-- Information supplied follows --

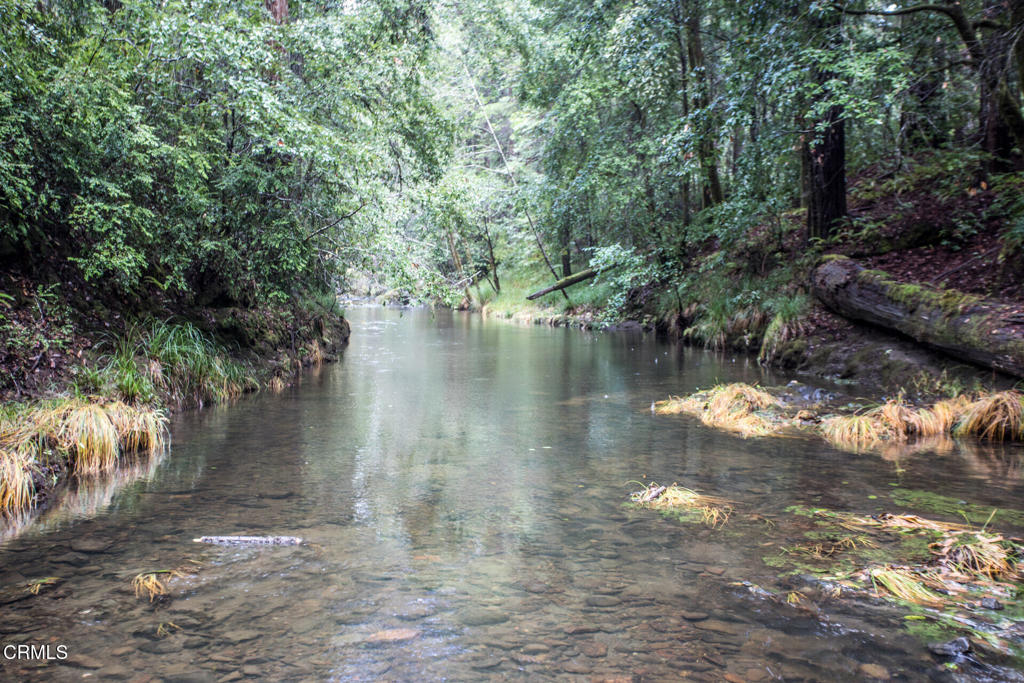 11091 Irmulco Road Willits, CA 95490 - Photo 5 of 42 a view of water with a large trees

-- Information supplied concluded --
-- Information supplied follows --

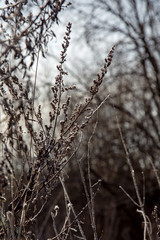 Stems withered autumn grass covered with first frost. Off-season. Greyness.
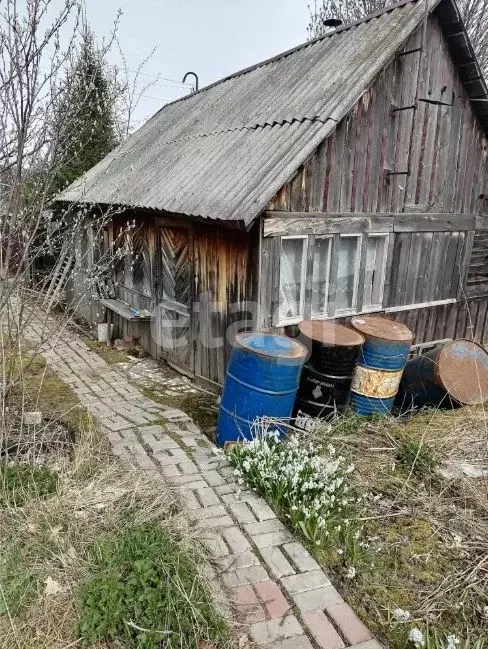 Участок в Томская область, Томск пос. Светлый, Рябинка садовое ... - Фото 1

-- Information supplied concluded --

Task description: Find the line with "Stems withered autumn" in the entries above. Set down exactly every line from it up to and including the line with "Участок в Томская", images excluded.

Solution to this task:
 Stems withered autumn grass covered with first frost. Off-season. Greyness.
 Участок в Томская область, Томск пос. Светлый, Рябинка садовое ... - Фото 1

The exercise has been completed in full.